Originally posted at Atlantic Cities’ Blogactiv (October 2017)
Written at the request of the publishers
The title of the book “Cool Cities”, written by Benjamin Barber, plays with the different dimensions of climate change that can be tackled at local level and even the mood for doing it. It is thus, an integrated metaphor of the book itself.
As a Political Science authority, Barber explains, in the first section of the book, the grounds for cities to access and exercise power. For the author, the local level is not only the basis of democracy, but also the last rampart before failing states. Moreover, climate change comes as a confirmation of a logical conclusion: before particular and vested interests, power belongs to cities and its citizens.
In its second part, the book builds in that conclusion so as to describe its implementation, from the setting up to the assessment with a particular accountability index. The need for clear, practical, SMART local agendas is paramount to deal with climate change. The notion of justice seems also a vital condition for positive achievement.
All throughout the book, Barber demonstrates the need for cities to work in network, not only to increase size before global issues but also to create scale economies by learning from each other. Therefore, the Global Parliament of Mayors emerges as the logical evolution for those networks.
As a political scientist that works with cities, I completely agree with Barber when he says: “The relationship between city and state cannot be left for nation-states alone to define”. It seems clear that cities have (still) to raise their own voice when not making it louder. And, still concordant with the book, the moment has come to be extremely noisy; climate change will not allow us to lose time in silence.
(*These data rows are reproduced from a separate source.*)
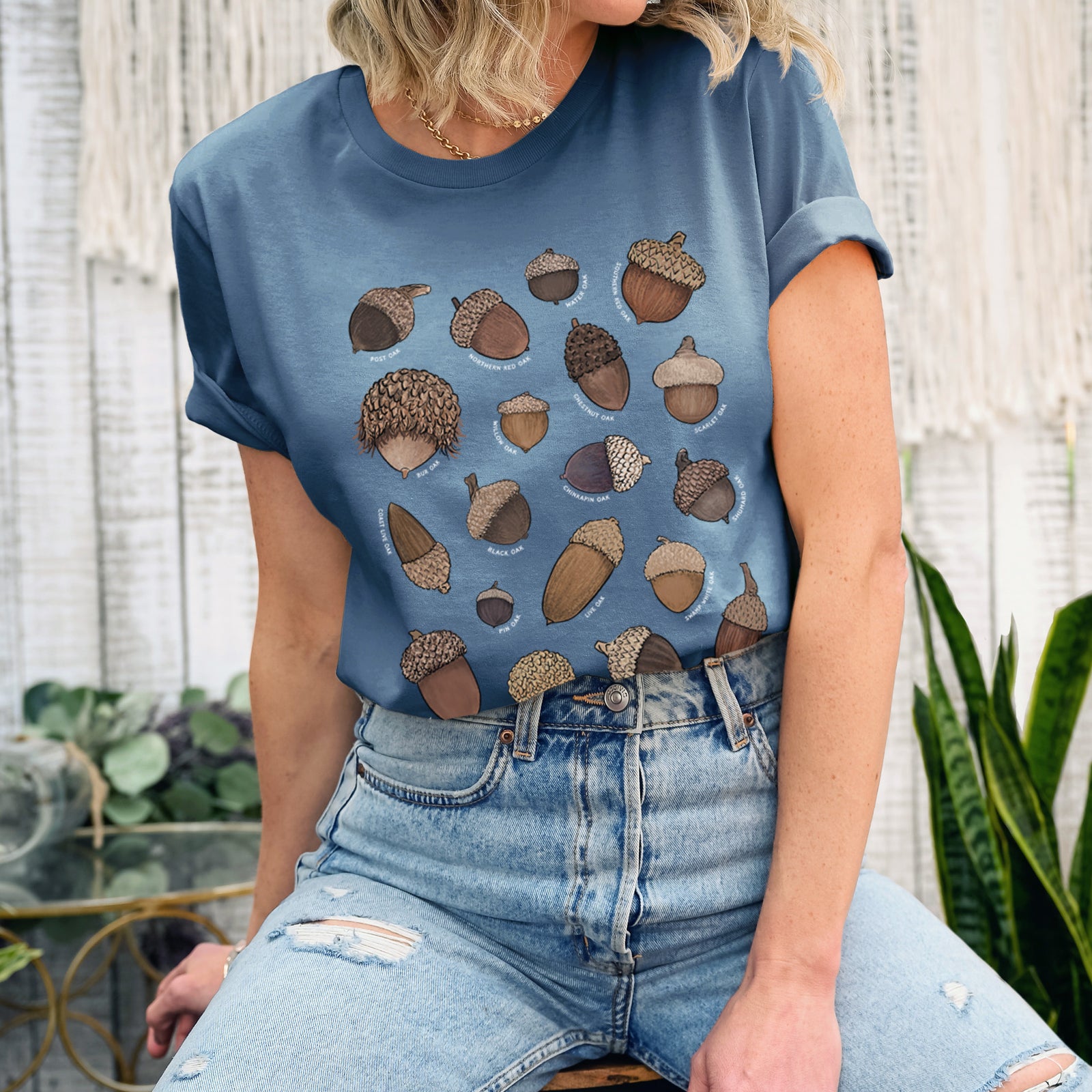 Autumn lightweight cotton t-shirt laid flat, printed with a full-color chart of North American acorns, each labeled with its oak species.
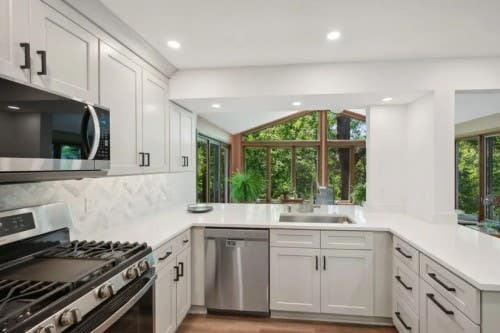 U-shaped light gray shaker kitchen design with peninsula and black hardware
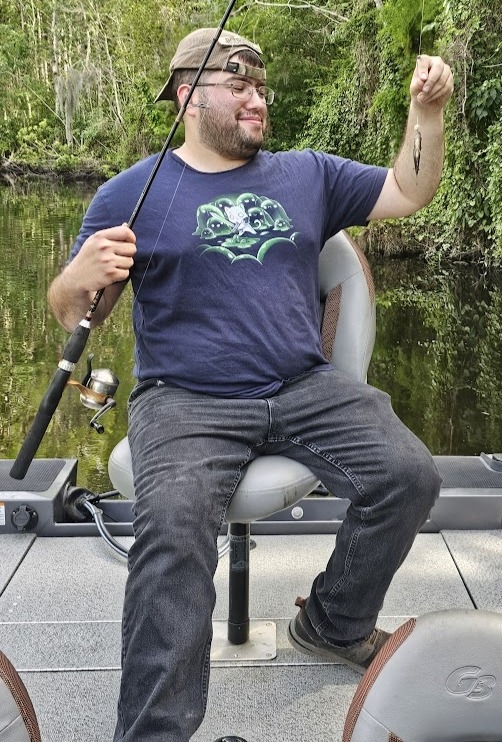 Michael holding a small bream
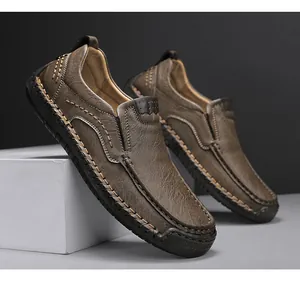 Detailed close-up of brown leather men's loafers with thick decorative hand stitching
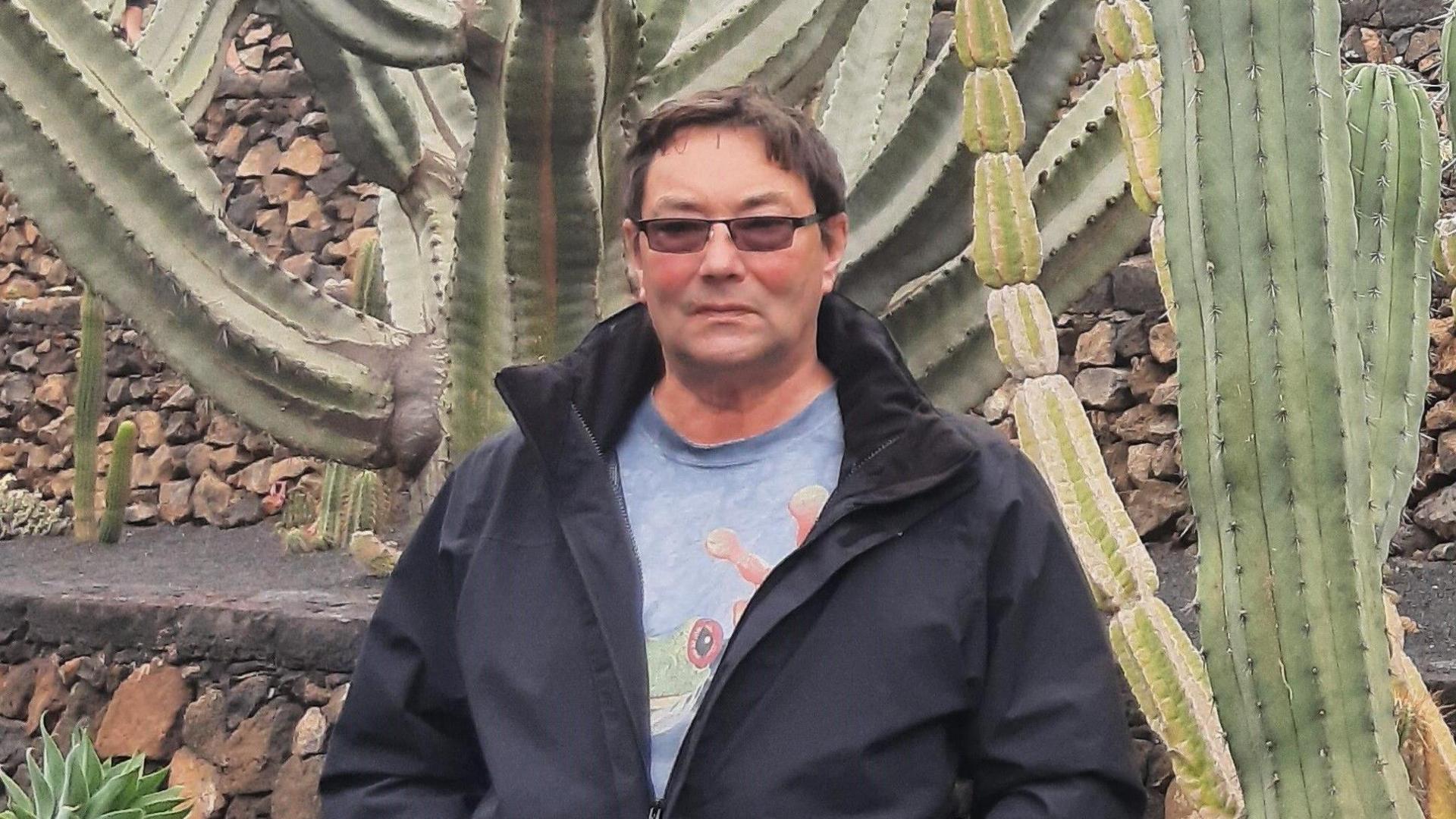 Frank Ingram, pictured wearing a black rain coat and a light blue/grey t-shirt with a green frog on the front. He has dark hair and is wearing dark glasses. He is unsmiling, and seen standing in front of a brick wall and a number of very large cacti.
But this cities’ voice cannot be chaotic. Cool Cities offers clear guidelines and best practice for a new urban speech, dosed in concept that every mayor in the world may understand. And that all city networks, like the Conference of Atlantic Arc Cities, can convey to their members.
I have been working at CAAC since 2009, thus when I read “If Mayors ruled the world” I was in awe. However, nobody better than Barber himself to realise that something was missing, and the answer to that is Cool Cities.
Now, that we deeply miss him, it is time to take over his message.